Females of Reproductive Potential and Males
There is no FDA guidance on the use of Miconazole (buccal) in women of reproductive potentials and males.
Immunocompromised Patients
There is no FDA guidance one the use of Miconazole (buccal) in patients who are immunocompromised.
Administration and Monitoring
Administration
There is limited information regarding Miconazole (buccal) Administration in the drug label.
Monitoring
There is limited information regarding Miconazole (buccal) Monitoring in the drug label.
IV Compatibility
There is limited information regarding the compatibility of Miconazole (buccal) and IV administrations.
Overdosage
- Overdose with miconazole in humans has not been reported in the literature.
- Miconazole absorption and systemic exposure following application of ORAVIG are minimal.

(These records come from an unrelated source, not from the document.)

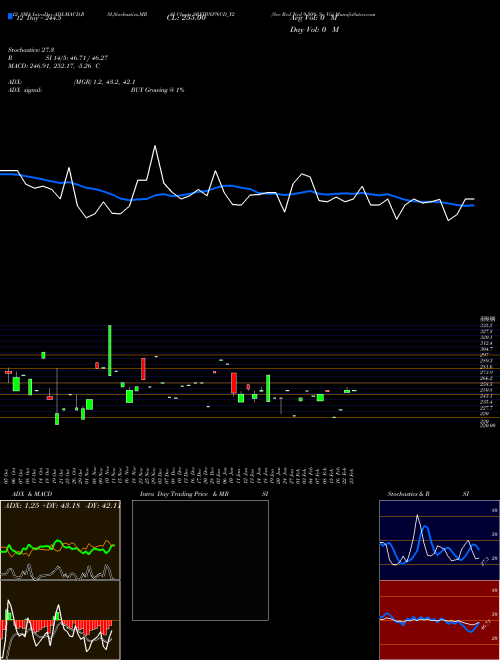 Chart Sec Red (SREIBNPNCD_Y2)  Technical (Analysis) Reports Sec Red [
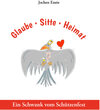 Buchcover Glaube, Sitte, Heimat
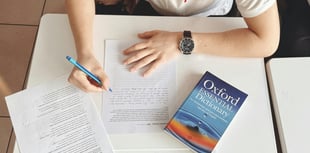 In a poody: Oxford English Dictionary gets Welsh injection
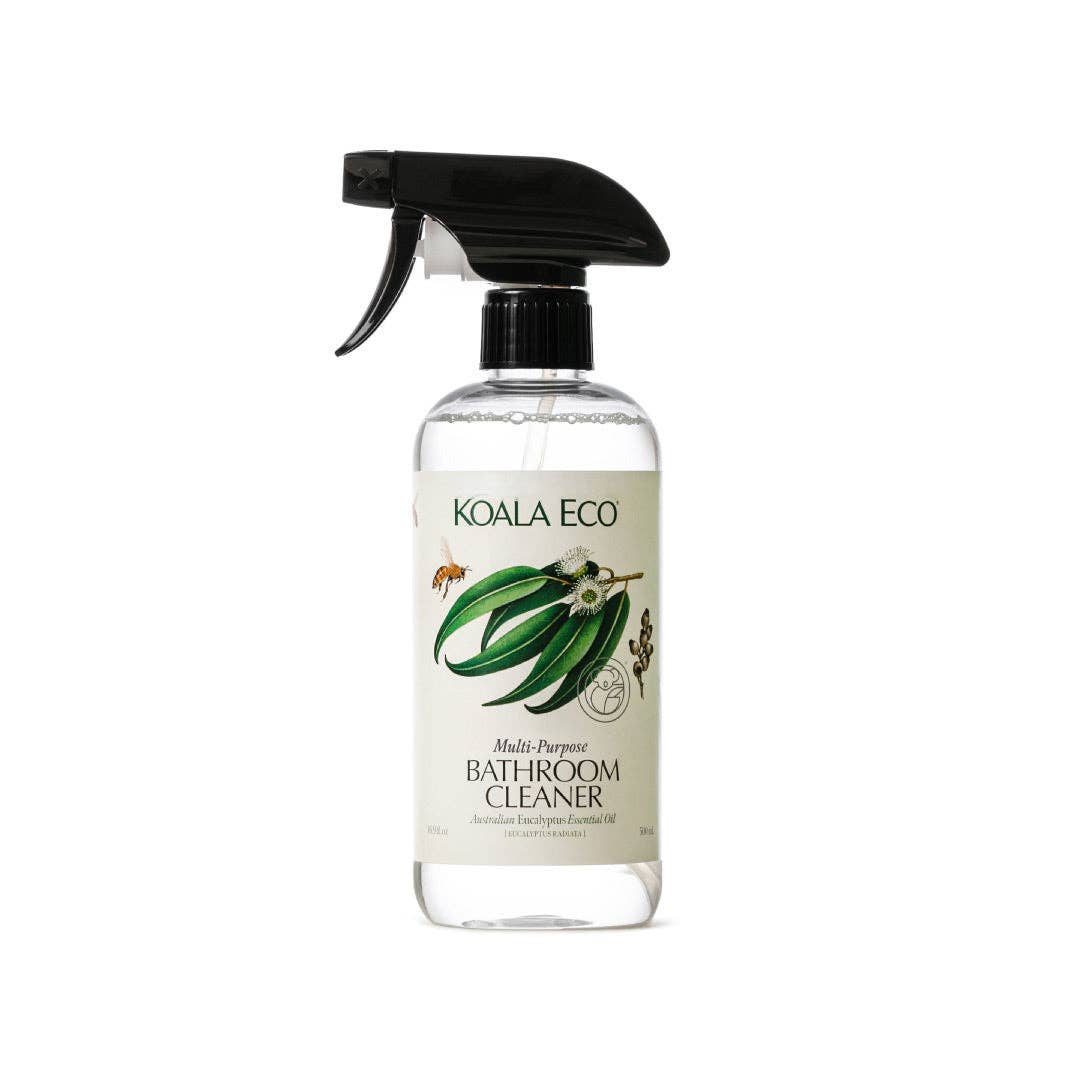 Eucalyptus Multi-Purpose Bathroom Cleaner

- Symptomatic and supportive care is the basis for management.
Pharmacology
There is limited information regarding Miconazole (buccal) Pharmacology in the drug label.
Mechanism of Action
There is limited information regarding Miconazole (buccal) Mechanism of Action in the drug label.
Structure
There is limited information regarding Miconazole (buccal) Structure in the drug label.
Pharmacodynamics
There is limited information regarding Miconazole (buccal) Pharmacodynamics in the drug label.
Pharmacokinetics
There is limited information regarding Miconazole (buccal) Pharmacokinetics in the drug label.
Nonclinical Toxicology
There is limited information regarding Miconazole (buccal) Nonclinical Toxicology in the drug label.
Clinical Studies
There is limited information regarding Miconazole (buccal) Clinical Studies in the drug label.
How Supplied
There is limited information regarding Miconazole (buccal) How Supplied in the drug label.
Storage
There is limited information regarding Miconazole (buccal) Storage in the drug label.
Images
Drug Images
{{#ask: Page Name::Miconazole (buccal) |?Pill Name |?Drug Name |?Pill Ingred |?Pill Imprint |?Pill Dosage |?Pill Color |?Pill Shape |?Pill Size (mm) |?Pill Scoring |?NDC |?Drug Author |format=template |template=DrugPageImages |mainlabel=- |sort=Pill Name }}
Package and Label Display Panel
{{#ask: Label Page::Miconazole (buccal) |?Label Name |format=template |template=DrugLabelImages |mainlabel=- |sort=Label Page }}
Patient Counseling Information
Precautions with Alcohol
Alcohol-Miconazole (buccal) interaction has not been established. Talk to your doctor about the effects of taking alcohol with this medication.
Brand Names
- ORAVIG®[1]
Look-Alike Drug Names
There is limited information regarding Miconazole (buccal) Look-Alike Drug Names in the drug label.
Drug Shortage Status
Price
References
The contents of this FDA label are provided by the National Library of Medicine.